Segment Start: EXERCISE INPUT
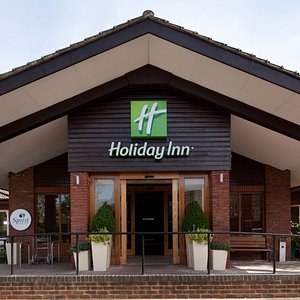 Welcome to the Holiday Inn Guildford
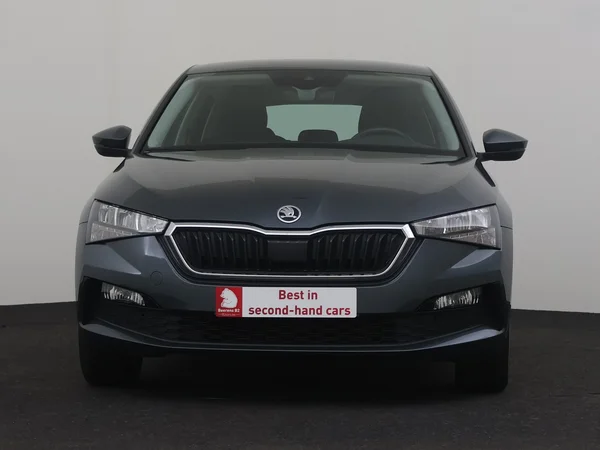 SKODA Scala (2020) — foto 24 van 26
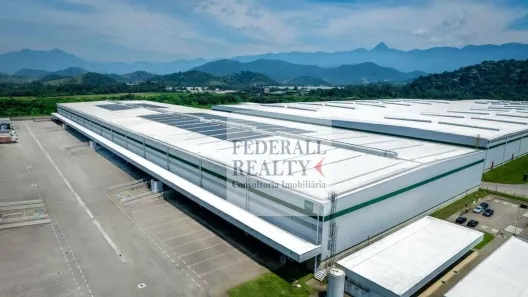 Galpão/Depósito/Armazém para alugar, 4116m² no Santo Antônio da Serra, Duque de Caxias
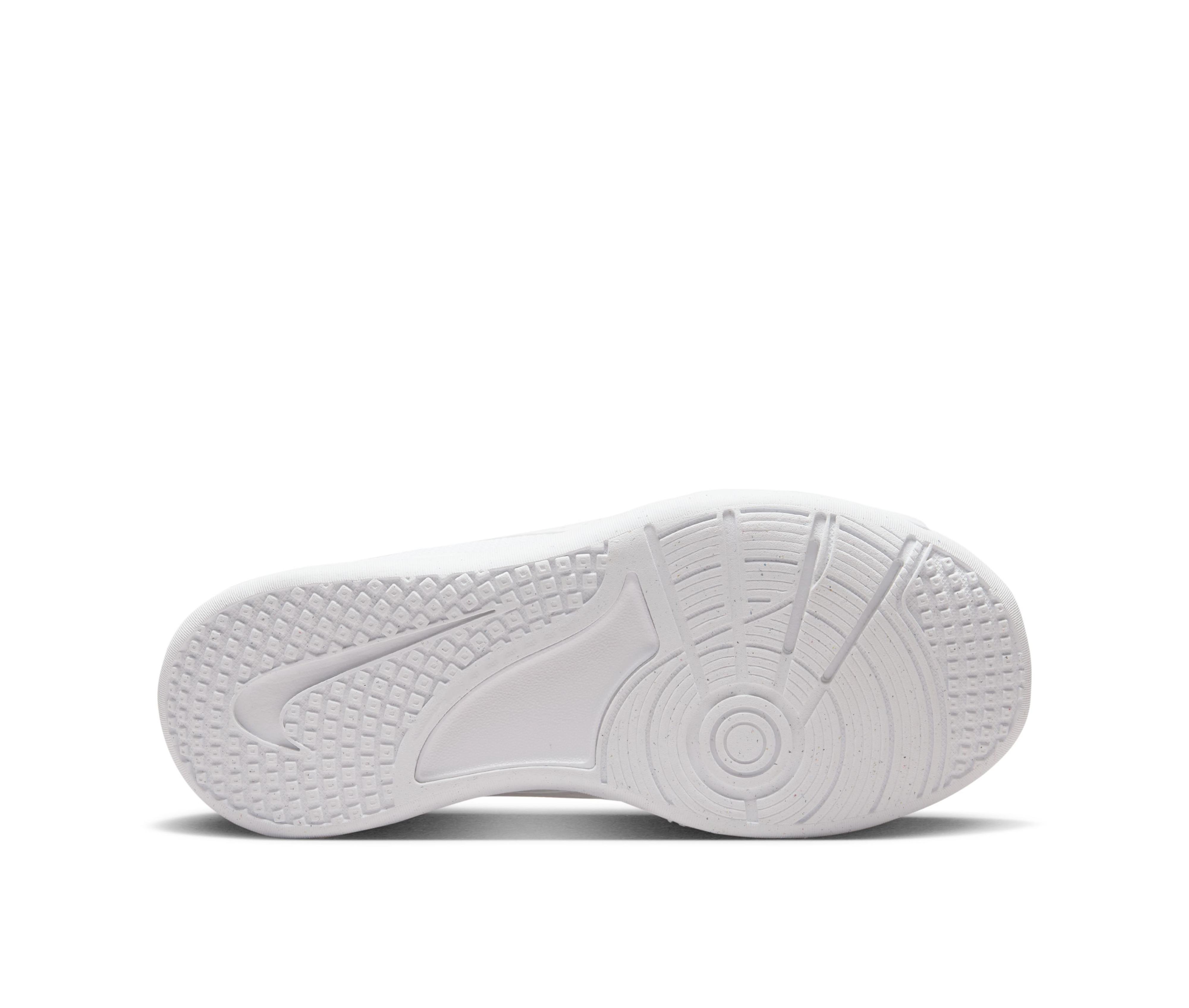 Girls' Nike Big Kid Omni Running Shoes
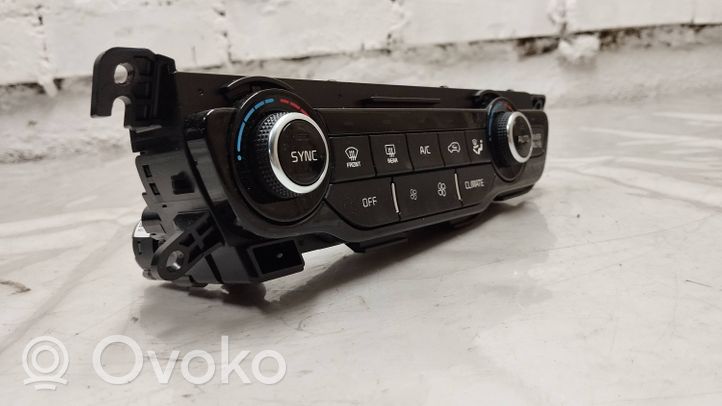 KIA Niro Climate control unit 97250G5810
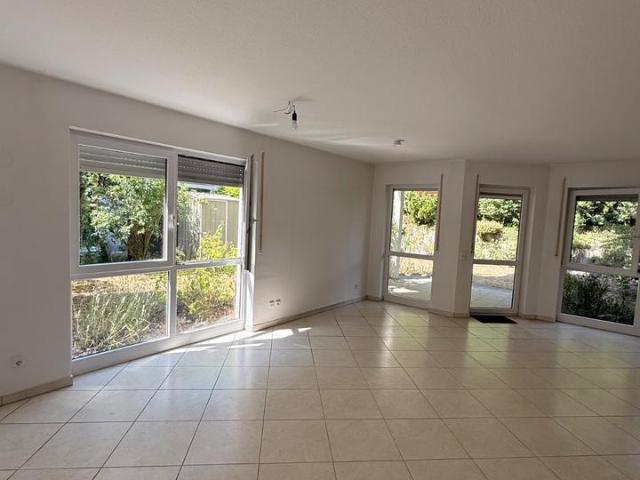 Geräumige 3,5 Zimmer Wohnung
Segment End: EXERCISE INPUT
Segment Start: EXERCISE INPUT
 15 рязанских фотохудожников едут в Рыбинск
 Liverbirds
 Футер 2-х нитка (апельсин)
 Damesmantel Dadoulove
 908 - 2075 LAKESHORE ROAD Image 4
Segment End: EXERCISE INPUT
* [WHAT TO PRODUCE] From the entries above, copy exactly the lines starting at the one with "Galpão/Depósito/Armazém para alugar, 4116m²" and stopping at the one with "Geräumige 3,5 Zimmer Wohnung", keeping both ends. Drop the pictures.

* [ANSWER TO THIS PROBLEM]
 Galpão/Depósito/Armazém para alugar, 4116m² no Santo Antônio da Serra, Duque de Caxias
 Girls' Nike Big Kid Omni Running Shoes
 KIA Niro Climate control unit 97250G5810
 Geräumige 3,5 Zimmer Wohnung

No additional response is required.